# Building a SQL AI Assistant with Llama Index

[LlamaIndex](https://www.llamaindex.ai/) is a simple, flexible framework for building knowledge assistants using LLMs. It simplifies the process of connecting LLMs to private data by providing tools for data ingestion, indexing, and querying.

This tutorial follows the [Text-to-SQL Guide](https://docs.llamaindex.ai/en/stable/examples/index_structs/struct_indices/SQLIndexDemo/#part-1-text-to-sql-query-engine) from the LlamaIndex documentation.

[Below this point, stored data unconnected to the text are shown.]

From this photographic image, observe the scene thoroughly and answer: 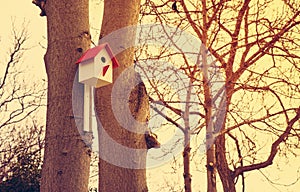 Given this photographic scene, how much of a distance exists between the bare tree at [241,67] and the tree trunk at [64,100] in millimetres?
2678

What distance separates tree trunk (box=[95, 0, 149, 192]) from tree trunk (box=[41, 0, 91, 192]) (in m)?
0.21

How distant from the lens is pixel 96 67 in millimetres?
4145

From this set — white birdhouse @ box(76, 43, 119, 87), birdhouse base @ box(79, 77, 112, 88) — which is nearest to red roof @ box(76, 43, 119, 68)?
white birdhouse @ box(76, 43, 119, 87)

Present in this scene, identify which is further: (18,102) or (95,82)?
(18,102)

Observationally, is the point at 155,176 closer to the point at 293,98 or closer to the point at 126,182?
the point at 293,98

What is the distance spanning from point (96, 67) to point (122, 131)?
0.52 meters

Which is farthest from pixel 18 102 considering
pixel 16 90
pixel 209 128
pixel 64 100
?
pixel 64 100

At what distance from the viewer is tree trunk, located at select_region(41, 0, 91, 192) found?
4.02 m

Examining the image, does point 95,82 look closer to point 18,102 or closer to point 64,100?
point 64,100

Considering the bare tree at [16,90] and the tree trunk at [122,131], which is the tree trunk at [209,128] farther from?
the bare tree at [16,90]

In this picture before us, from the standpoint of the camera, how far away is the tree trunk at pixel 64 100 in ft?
13.2

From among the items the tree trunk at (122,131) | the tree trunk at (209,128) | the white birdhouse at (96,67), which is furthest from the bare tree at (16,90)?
the white birdhouse at (96,67)

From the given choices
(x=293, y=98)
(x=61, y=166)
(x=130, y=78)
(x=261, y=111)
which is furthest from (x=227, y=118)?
(x=61, y=166)

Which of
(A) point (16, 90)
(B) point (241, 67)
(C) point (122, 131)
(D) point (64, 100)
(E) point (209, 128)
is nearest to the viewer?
(D) point (64, 100) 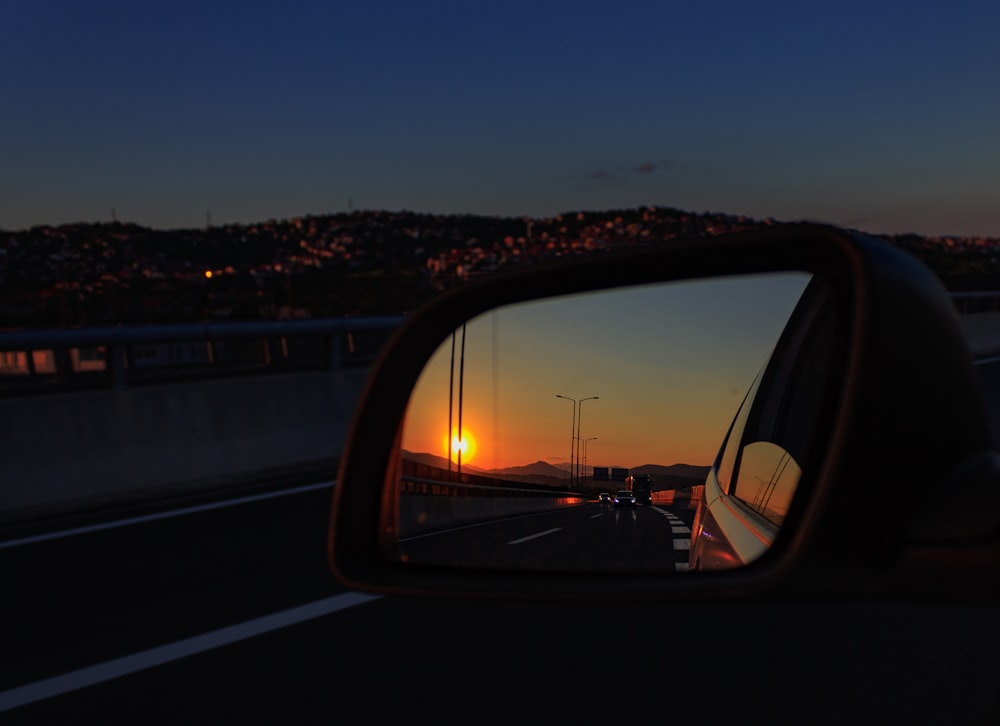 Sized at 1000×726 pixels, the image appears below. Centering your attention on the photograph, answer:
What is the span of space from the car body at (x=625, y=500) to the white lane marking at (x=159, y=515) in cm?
683

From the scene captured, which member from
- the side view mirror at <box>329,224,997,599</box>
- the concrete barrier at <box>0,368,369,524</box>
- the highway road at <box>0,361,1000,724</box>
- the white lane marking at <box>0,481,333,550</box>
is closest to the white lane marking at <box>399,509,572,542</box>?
the side view mirror at <box>329,224,997,599</box>

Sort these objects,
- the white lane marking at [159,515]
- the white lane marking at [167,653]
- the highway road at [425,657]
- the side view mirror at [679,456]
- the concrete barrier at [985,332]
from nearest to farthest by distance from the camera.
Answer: the side view mirror at [679,456]
the highway road at [425,657]
the white lane marking at [167,653]
the white lane marking at [159,515]
the concrete barrier at [985,332]

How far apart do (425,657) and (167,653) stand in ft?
4.36

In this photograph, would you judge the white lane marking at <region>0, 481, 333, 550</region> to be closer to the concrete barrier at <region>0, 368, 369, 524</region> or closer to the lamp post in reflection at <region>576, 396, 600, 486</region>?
the concrete barrier at <region>0, 368, 369, 524</region>

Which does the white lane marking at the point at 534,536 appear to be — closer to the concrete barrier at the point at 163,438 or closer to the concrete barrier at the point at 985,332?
the concrete barrier at the point at 163,438

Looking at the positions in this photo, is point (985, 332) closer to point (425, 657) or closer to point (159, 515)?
point (159, 515)

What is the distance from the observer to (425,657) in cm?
474

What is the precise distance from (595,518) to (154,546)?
20.4 feet

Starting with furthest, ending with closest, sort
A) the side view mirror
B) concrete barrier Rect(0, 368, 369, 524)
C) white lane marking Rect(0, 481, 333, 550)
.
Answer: concrete barrier Rect(0, 368, 369, 524) < white lane marking Rect(0, 481, 333, 550) < the side view mirror

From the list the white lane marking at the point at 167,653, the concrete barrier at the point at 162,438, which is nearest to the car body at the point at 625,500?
the white lane marking at the point at 167,653

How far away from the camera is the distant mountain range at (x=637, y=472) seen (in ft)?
6.49

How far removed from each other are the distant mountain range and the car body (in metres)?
0.04

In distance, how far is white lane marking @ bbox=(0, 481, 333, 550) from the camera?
25.3 feet

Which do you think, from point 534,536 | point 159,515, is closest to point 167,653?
point 534,536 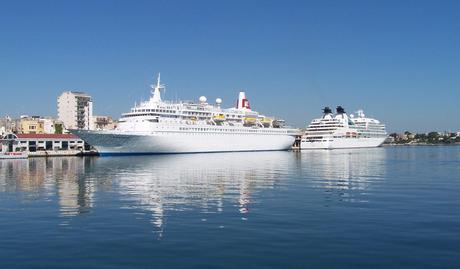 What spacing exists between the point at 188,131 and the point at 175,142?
4398 millimetres

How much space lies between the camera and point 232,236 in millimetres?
13992

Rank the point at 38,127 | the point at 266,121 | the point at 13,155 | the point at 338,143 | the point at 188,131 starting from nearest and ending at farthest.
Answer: the point at 13,155, the point at 188,131, the point at 266,121, the point at 38,127, the point at 338,143

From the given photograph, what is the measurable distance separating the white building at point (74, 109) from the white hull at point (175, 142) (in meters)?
67.9

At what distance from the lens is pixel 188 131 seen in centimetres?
8819

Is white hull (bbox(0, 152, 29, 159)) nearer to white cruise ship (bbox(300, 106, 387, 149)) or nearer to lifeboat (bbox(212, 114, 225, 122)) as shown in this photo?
lifeboat (bbox(212, 114, 225, 122))

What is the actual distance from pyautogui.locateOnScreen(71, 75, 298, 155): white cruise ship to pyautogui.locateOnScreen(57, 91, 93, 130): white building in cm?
6060

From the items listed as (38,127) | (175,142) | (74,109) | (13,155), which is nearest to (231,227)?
(13,155)

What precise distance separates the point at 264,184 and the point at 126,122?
193 ft

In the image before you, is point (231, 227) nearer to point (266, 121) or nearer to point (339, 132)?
point (266, 121)

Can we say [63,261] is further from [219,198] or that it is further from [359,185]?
[359,185]

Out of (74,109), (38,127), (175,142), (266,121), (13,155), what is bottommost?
(13,155)

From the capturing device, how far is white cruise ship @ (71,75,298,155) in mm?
77562

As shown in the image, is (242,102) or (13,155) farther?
(242,102)

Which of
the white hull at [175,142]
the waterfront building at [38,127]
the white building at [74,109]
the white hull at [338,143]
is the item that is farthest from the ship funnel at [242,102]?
the white building at [74,109] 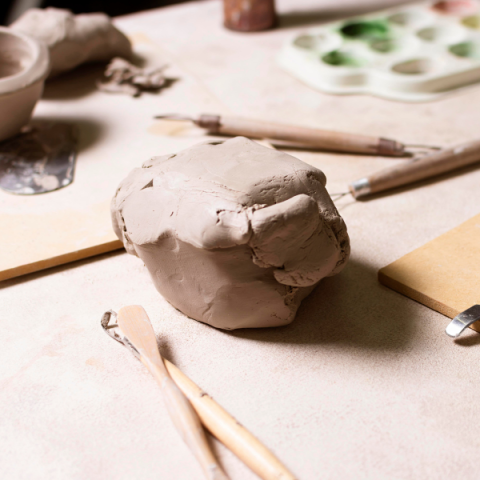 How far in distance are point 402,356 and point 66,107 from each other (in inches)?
50.8

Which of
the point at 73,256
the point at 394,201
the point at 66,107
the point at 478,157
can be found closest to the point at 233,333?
the point at 73,256

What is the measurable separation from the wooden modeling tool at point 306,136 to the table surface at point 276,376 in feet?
0.62

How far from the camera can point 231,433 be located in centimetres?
70

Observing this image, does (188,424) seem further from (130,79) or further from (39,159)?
(130,79)

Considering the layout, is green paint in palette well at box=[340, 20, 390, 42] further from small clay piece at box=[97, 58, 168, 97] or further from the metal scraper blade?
the metal scraper blade

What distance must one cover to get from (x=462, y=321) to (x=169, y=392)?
0.48 m

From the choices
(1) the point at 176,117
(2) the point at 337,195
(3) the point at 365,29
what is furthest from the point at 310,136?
(3) the point at 365,29

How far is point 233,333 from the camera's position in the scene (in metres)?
0.88

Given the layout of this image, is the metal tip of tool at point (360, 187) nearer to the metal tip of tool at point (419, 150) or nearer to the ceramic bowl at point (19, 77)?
the metal tip of tool at point (419, 150)

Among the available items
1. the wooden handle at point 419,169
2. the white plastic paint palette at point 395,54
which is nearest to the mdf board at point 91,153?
the white plastic paint palette at point 395,54

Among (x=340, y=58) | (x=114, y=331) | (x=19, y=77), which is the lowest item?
(x=114, y=331)

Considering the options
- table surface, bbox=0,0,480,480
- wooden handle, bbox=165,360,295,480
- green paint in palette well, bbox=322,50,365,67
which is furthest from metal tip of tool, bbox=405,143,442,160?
wooden handle, bbox=165,360,295,480

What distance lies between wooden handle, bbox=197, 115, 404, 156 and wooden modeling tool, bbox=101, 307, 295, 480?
75 centimetres

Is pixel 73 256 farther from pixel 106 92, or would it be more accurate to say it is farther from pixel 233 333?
pixel 106 92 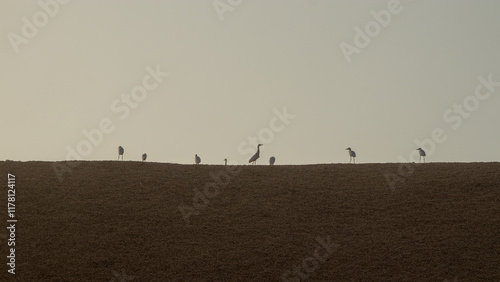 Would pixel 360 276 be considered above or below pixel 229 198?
below

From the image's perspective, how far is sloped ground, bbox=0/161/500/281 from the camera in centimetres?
2847

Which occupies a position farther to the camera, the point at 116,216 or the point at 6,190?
the point at 6,190

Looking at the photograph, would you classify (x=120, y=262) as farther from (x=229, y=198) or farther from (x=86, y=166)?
(x=86, y=166)

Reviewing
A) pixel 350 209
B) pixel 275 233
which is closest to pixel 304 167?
pixel 350 209

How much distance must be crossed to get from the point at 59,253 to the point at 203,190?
29.3ft

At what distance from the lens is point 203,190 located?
117 feet

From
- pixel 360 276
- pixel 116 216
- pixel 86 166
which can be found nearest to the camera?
pixel 360 276

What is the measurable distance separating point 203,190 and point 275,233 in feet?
18.4

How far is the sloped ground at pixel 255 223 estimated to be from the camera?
2847 centimetres

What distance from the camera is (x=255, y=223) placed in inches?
1281

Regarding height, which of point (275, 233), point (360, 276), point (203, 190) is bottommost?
point (360, 276)

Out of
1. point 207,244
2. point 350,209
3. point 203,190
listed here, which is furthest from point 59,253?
point 350,209

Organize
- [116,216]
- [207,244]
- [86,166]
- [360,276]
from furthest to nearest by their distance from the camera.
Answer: [86,166] < [116,216] < [207,244] < [360,276]

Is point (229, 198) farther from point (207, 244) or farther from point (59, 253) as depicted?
point (59, 253) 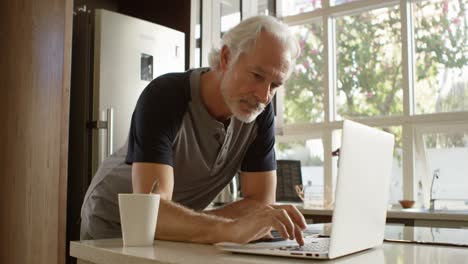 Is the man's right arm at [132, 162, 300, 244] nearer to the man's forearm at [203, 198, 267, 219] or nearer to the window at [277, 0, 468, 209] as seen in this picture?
the man's forearm at [203, 198, 267, 219]

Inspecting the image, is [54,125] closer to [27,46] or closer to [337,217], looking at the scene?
[27,46]

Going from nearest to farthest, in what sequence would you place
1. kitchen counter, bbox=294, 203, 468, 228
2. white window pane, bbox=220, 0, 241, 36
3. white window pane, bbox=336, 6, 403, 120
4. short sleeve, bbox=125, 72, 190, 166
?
short sleeve, bbox=125, 72, 190, 166 → kitchen counter, bbox=294, 203, 468, 228 → white window pane, bbox=220, 0, 241, 36 → white window pane, bbox=336, 6, 403, 120

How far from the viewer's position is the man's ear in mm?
1626

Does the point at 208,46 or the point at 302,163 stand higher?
the point at 208,46

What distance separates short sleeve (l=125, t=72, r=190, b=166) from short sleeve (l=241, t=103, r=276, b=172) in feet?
0.91

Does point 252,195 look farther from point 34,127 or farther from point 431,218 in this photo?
point 431,218

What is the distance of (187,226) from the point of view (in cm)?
121

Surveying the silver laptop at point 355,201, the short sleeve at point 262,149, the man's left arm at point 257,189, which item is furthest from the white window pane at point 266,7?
the silver laptop at point 355,201

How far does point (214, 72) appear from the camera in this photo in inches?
65.7

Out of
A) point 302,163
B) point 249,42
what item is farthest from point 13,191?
point 302,163

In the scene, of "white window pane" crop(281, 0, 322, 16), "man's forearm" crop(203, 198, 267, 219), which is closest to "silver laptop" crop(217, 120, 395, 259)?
"man's forearm" crop(203, 198, 267, 219)

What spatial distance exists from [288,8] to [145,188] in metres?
3.75

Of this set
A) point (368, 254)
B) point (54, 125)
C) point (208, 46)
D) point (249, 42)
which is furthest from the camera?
point (208, 46)

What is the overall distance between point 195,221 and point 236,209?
1.16 feet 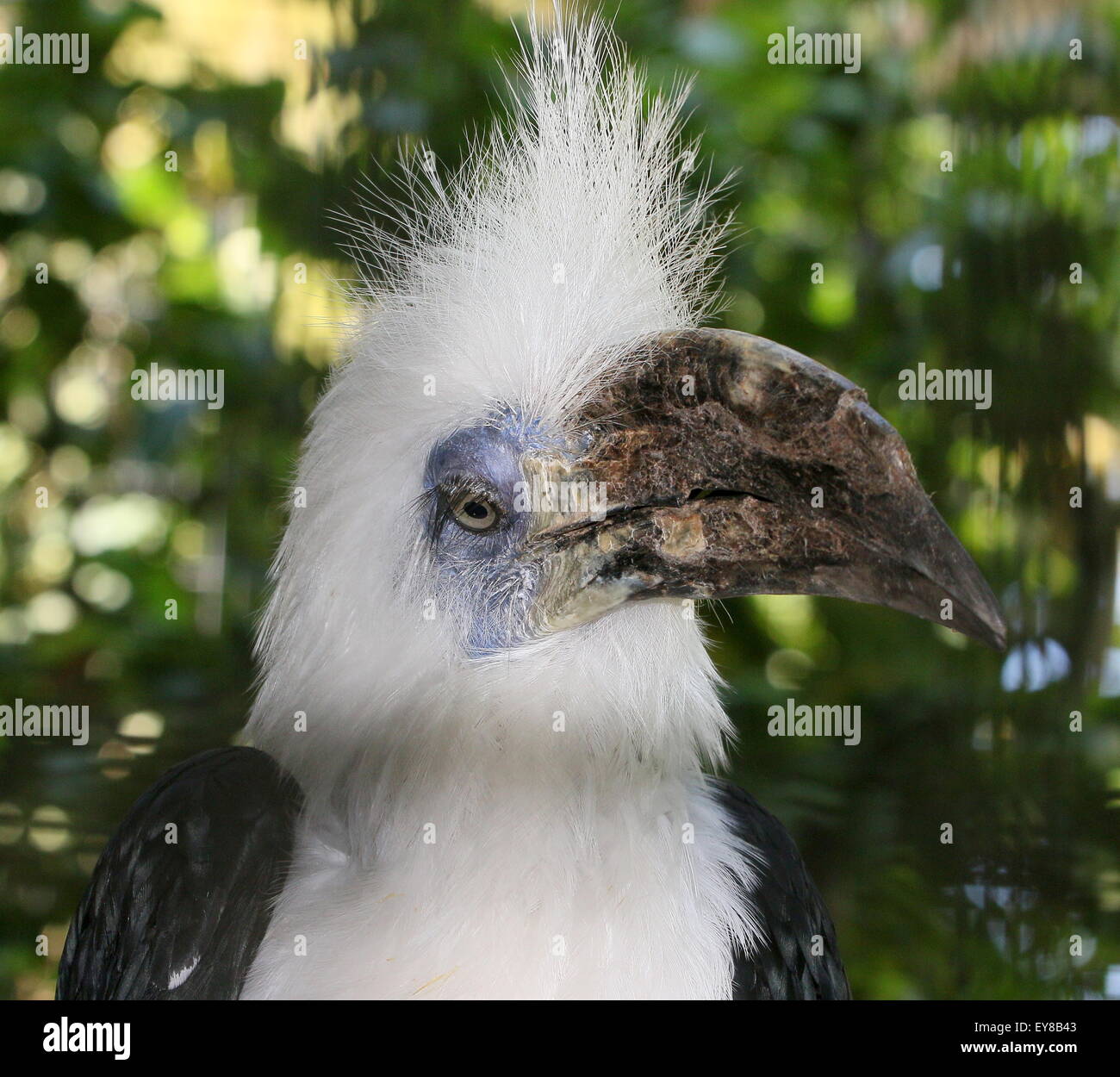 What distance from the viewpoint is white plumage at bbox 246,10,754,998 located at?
3.87 ft

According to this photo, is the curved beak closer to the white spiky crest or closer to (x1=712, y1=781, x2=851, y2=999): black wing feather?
the white spiky crest

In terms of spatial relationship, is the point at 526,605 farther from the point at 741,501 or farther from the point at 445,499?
the point at 741,501

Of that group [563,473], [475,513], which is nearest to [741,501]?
[563,473]

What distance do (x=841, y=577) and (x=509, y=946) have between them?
20.9 inches

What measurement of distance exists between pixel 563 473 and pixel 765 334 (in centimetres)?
99

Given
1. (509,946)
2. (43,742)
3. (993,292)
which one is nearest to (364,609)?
(509,946)

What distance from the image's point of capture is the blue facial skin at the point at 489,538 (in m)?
1.22

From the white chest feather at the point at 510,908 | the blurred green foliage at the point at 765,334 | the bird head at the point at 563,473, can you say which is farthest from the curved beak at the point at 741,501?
the blurred green foliage at the point at 765,334

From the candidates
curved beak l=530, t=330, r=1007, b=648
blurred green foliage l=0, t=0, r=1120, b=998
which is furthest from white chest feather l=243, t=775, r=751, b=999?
blurred green foliage l=0, t=0, r=1120, b=998

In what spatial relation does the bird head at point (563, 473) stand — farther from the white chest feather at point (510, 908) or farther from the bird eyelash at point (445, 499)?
the white chest feather at point (510, 908)

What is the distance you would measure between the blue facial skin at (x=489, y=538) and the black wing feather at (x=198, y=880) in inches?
13.3

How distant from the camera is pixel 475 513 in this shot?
4.02 feet

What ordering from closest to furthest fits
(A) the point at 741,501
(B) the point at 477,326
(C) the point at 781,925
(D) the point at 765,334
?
(A) the point at 741,501
(B) the point at 477,326
(C) the point at 781,925
(D) the point at 765,334

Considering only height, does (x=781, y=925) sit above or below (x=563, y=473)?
below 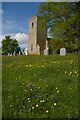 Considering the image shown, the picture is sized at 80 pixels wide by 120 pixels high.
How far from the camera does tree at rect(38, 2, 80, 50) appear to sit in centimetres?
3552

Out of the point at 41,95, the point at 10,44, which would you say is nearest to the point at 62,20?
the point at 10,44

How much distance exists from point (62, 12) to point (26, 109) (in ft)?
109

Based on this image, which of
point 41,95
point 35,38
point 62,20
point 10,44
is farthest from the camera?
point 35,38

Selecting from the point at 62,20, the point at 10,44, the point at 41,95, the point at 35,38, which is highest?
the point at 62,20

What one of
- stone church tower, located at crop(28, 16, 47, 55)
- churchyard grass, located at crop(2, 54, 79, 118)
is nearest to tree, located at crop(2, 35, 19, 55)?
stone church tower, located at crop(28, 16, 47, 55)

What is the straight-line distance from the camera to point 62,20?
130 feet

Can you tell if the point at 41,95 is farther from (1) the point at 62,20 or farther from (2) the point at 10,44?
(2) the point at 10,44

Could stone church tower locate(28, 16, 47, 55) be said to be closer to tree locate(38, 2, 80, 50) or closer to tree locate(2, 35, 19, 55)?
tree locate(2, 35, 19, 55)

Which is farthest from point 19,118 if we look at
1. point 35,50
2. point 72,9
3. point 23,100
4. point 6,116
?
point 35,50

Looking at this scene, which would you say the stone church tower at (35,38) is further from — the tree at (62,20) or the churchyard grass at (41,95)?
the churchyard grass at (41,95)

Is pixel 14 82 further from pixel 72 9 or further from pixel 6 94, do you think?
pixel 72 9

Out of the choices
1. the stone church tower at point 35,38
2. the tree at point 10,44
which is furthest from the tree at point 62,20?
the stone church tower at point 35,38

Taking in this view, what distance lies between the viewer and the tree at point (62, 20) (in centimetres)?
3552

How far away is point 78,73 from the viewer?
9273mm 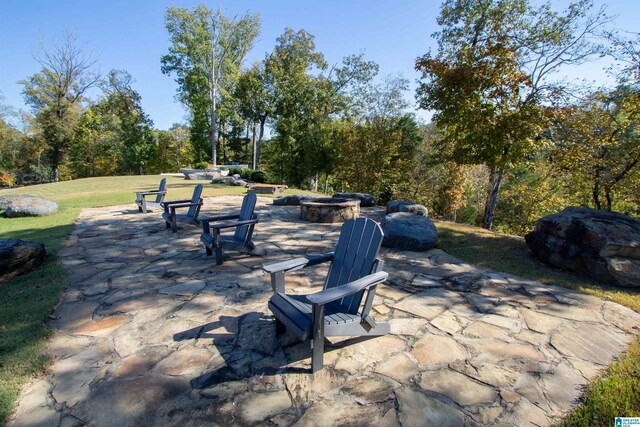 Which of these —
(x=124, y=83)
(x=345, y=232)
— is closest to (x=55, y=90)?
(x=124, y=83)

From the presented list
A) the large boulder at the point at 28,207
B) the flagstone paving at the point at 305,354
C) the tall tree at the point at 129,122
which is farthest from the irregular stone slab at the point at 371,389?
the tall tree at the point at 129,122

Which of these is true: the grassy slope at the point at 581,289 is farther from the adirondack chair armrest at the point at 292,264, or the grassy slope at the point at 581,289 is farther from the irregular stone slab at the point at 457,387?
the adirondack chair armrest at the point at 292,264

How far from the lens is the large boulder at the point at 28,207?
286 inches

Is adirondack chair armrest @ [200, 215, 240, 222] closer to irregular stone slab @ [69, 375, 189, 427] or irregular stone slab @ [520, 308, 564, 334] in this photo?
irregular stone slab @ [69, 375, 189, 427]

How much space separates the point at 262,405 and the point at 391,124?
1824 centimetres

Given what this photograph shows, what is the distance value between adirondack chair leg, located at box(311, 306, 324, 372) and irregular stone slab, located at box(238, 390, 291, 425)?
267 mm

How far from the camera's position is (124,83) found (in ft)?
99.6

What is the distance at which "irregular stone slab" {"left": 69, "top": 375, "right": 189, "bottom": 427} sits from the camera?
5.30 feet

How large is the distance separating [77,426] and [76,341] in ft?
3.23

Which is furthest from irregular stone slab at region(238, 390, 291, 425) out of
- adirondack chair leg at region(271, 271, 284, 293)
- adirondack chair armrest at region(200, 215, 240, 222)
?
adirondack chair armrest at region(200, 215, 240, 222)

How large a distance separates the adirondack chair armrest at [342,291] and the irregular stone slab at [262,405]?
601 millimetres

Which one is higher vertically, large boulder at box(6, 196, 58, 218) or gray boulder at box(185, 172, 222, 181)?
gray boulder at box(185, 172, 222, 181)

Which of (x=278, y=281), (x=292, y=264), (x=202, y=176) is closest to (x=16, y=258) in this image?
(x=278, y=281)

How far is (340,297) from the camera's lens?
1.79 metres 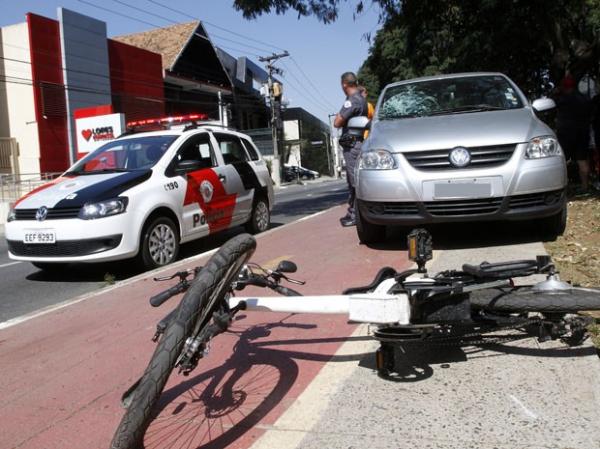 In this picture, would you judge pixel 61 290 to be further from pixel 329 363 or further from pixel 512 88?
pixel 512 88

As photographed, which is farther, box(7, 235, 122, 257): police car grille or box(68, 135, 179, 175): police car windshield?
box(68, 135, 179, 175): police car windshield

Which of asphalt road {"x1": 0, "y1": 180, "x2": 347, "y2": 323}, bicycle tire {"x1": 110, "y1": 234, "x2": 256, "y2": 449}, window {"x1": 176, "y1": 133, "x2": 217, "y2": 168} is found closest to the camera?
bicycle tire {"x1": 110, "y1": 234, "x2": 256, "y2": 449}

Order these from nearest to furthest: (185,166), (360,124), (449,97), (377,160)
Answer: (377,160)
(449,97)
(360,124)
(185,166)

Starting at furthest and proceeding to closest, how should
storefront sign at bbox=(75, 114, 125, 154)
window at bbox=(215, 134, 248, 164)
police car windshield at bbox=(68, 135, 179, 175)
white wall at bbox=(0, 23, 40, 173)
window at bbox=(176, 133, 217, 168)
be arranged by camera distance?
white wall at bbox=(0, 23, 40, 173)
storefront sign at bbox=(75, 114, 125, 154)
window at bbox=(215, 134, 248, 164)
window at bbox=(176, 133, 217, 168)
police car windshield at bbox=(68, 135, 179, 175)

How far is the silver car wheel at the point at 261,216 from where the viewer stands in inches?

Here's a short version for implementing a NL2SQL Assistant with LlamaIndex:

```python
from llama_index.core import SQLDatabase
from llama_index.core.query_engine import NLSQLTableQueryEngine
from llama_index.llms.openai import OpenAI

# Initialize query engine
query_engine = NLSQLTableQueryEngine(sql_database=SQLDatabase(...), llm=OpenAI(...))

# Query database with context
query_engine.query(query_str)
```

In [1]:
from llama_index.core import SQLDatabase
from llama_index.core.query_engine import NLSQLTableQueryEngine
from llama_index.llms.openai import OpenAI
from sqlalchemy import create_engine

In [2]:
# Create the engine

# postgresql+psycopg://username:password@host:port/database
postgres_uri = "postgresql+psycopg://postgres:postgres@localhost:5432/olist_ecommerce"
engine = create_engine(postgres_uri, connect_args={"options": "-csearch_path=ecommerce,marketing"})

In [3]:
# Initialize the SQLDatabase
sql_database = SQLDatabase(engine)

# Show the available tables
sql_database.get_usable_table_names()

['closed_deals',
 'customers',
 'geolocation',
 'marketing_qualified_leads',
 'order_items',
 'order_payments',
 'order_reviews',
 'orders',
 'product_category_name_translations',
 'products',
 'sellers']

In [4]:
# Initialize the LLM
llm = OpenAI(temperature=0.1, model="gpt-4.1-mini")

In [5]:
# Initialize the query engine
query_engine = NLSQLTableQueryEngine(
    sql_database=sql_database, llm=llm,
    text_to_sql_prompt=None,
    response_prompt=None
)

In [6]:
# Target query
query_str = "How many orders were there in 2017?"

# Execute the query
result = query_engine.query(query_str)
display(result)

Response(response='There were 45,101 orders placed in the year 2017.', source_nodes=[NodeWithScore(node=TextNode(id_='9dfbdfd2-5a97-49b0-a63f-ba5140c82a56', embedding=None, metadata={'sql_query': "SELECT COUNT(*) AS total_orders_2017 FROM orders WHERE order_purchase_timestamp >= '2017-01-01' AND order_purchase_timestamp < '2018-01-01';", 'result': [(45101,)], 'col_keys': ['total_orders_2017']}, excluded_embed_metadata_keys=['sql_query', 'result', 'col_keys'], excluded_llm_metadata_keys=['sql_query', 'result', 'col_keys'], relationships={}, metadata_template='{key}: {value}', metadata_separator='\n', text='[(45101,)]', mimetype='text/plain', start_char_idx=None, end_char_idx=None, metadata_seperator='\n', text_template='{metadata_str}\n\n{content}'), score=None)], metadata={'9dfbdfd2-5a97-49b0-a63f-ba5140c82a56': {'sql_query': "SELECT COUNT(*) AS total_orders_2017 FROM orders WHERE order_purchase_timestamp >= '2017-01-01' AND order_purchase_timestamp < '2018-01-01';", 'result': [(45101,

In [7]:
print(f"""
SQL Query:
----------
{result.metadata["sql_query"]}

Query Output:
-------------
{result.metadata["result"]}

Final Answer:
-------------
{result.response}
""")


SQL Query:
----------
SELECT COUNT(*) AS total_orders_2017 FROM orders WHERE order_purchase_timestamp >= '2017-01-01' AND order_purchase_timestamp < '2018-01-01';

Query Output:
-------------
[(45101,)]

Final Answer:
-------------
There were 45,101 orders placed in the year 2017.